Train all models in the pipeline sequentially.

Parameters
  • ts (pandas Series or DataFrame) – Time series used to train models.

  • skip_fit (list, optional) – Models to skip training. This could be used when pipeline contains models that are already trained by the same time series, and re- training would be time consuming. It must be a list of strings where each element is a model name. Default: None.

  • return_intermediate (bool, optional) – Whether to return intermediate results. Default: False.

Returns

If return_intermediate=True, return intermediate results generated during training as a dictionary where keys are step names. If a step does not perform transformation or detection, the result of that step will be None.

Return type

dict, optional

detect(ts, return_intermediate=False, return_list=False)[source]

Transform time series sequentially along pipeline, and detect anomalies with the last detector.

Parameters
  • ts (pandas Series or DataFrame) – Time series to detect anomalies from.

  • return_intermediate (bool, optional) – Whether to return intermediate results. Default: False.

  • return_list (bool, optional) – Whether to return a list of anomalous events, or a binary series indicating normal/anomalous. Default: False.

Returns

Detected anomalies.

  • If return_intermediate=False, return detected anomalies, i.e. result from last detector.

  • If return_intermediate=True, return results of all models in pipeline as a dict where each item represents the result of a model.

  • If return_list=False, result from a detector or an aggregator will be a binary pandas Series indicating normal/anomalous.

  • If return_list=True, result from a detector or an aggregator will be a list of events where an event is a pandas Timestamp if it is instantaneous or a 2-tuple of pandas Timestamps if it is a closed time interval.

Return type

pandas Series, pandas DataFrame, list, or dict

transform(ts, return_intermediate=False)[source]

Transform time series sequentially along pipeline.

Parameters
  • ts (pandas Series or DataFrame) – Time series to be transformed

  • return_intermediate (bool, optional) – Whether to return intermediate results.
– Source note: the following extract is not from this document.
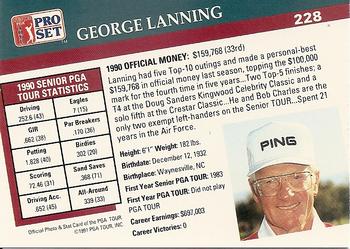 1991 Pro Set PGA Tour #228 George Lanning Back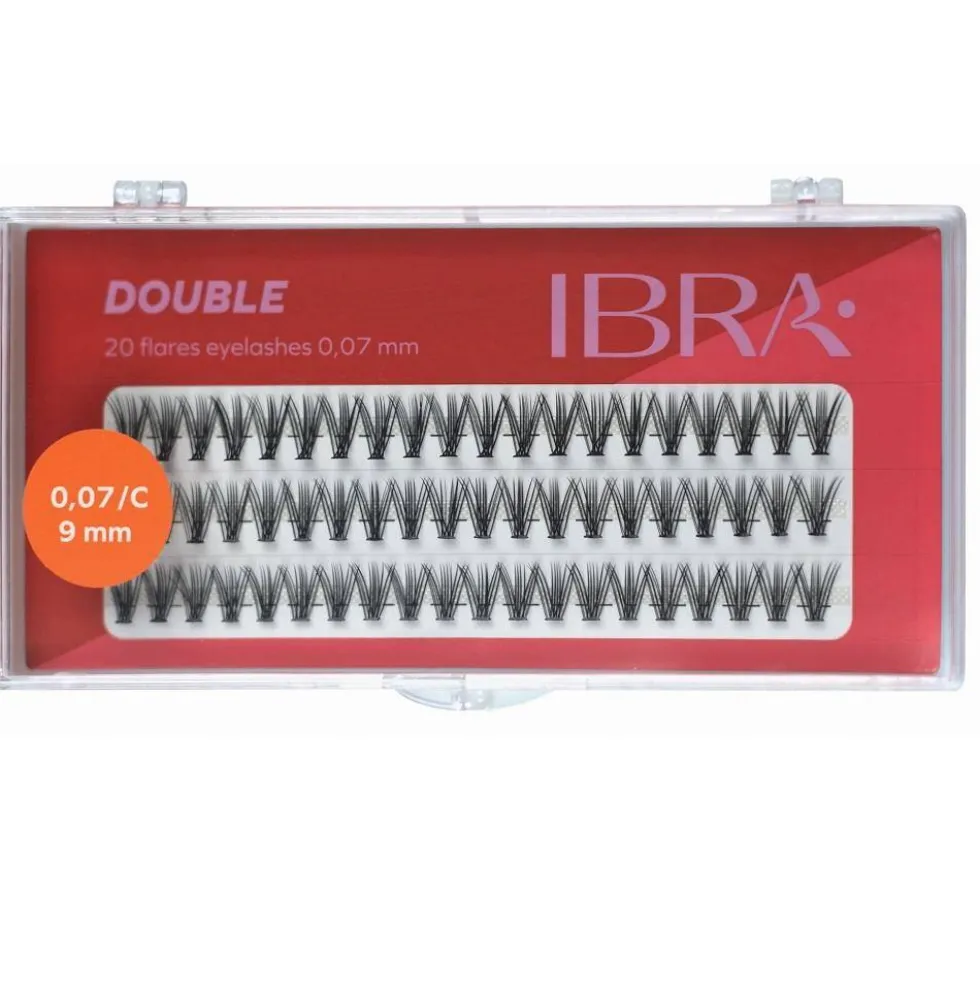 Ibra Kępki sztucznych rzęs Double Knot-Free 0.07 C-9mm 60szt.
Default: False.

Returns

Transformed time series.

  • If return_intermediate=False, return transformed series, i.e. result from last transformer;

  • If return_intermediate=True, return results of all models in pipeline as a dict where each item represents the result of a model.

Return type

pandas Series, pandas DataFrame, or dict

fit_detect(ts, skip_fit=None, return_intermediate=False, return_list=False)[source]

Train models in pipeline sequentially, transform time series along pipeline, and use the last detector to detect anomalies.

Parameters
  • ts (pandas Series or DataFrame) – Time series to detect anomalies from.

  • skip_fit (list, optional) – Models to skip training. This could be used when pipeline contains models that are already trained by the same time series, and re- training would be time consuming. It must be a list of strings where each element is a model name. Default: None.

  • return_intermediate (bool, optional) – Whether to return intermediate results. Default: False.

  • return_list (bool, optional) – Whether to return a list of anomalous events, or a binary series indicating normal/anomalous. Default: False.

Returns

Detected anomalies.

  • If return_intermediate=False, return detected anomalies, i.e. result from last detector.

  • If return_intermediate=True, return results of all models in pipeline as a dict where each item represents the result of a model.

  • If return_list=False, result from a detector or an aggregator will be a binary pandas Series indicating normal/anomalous.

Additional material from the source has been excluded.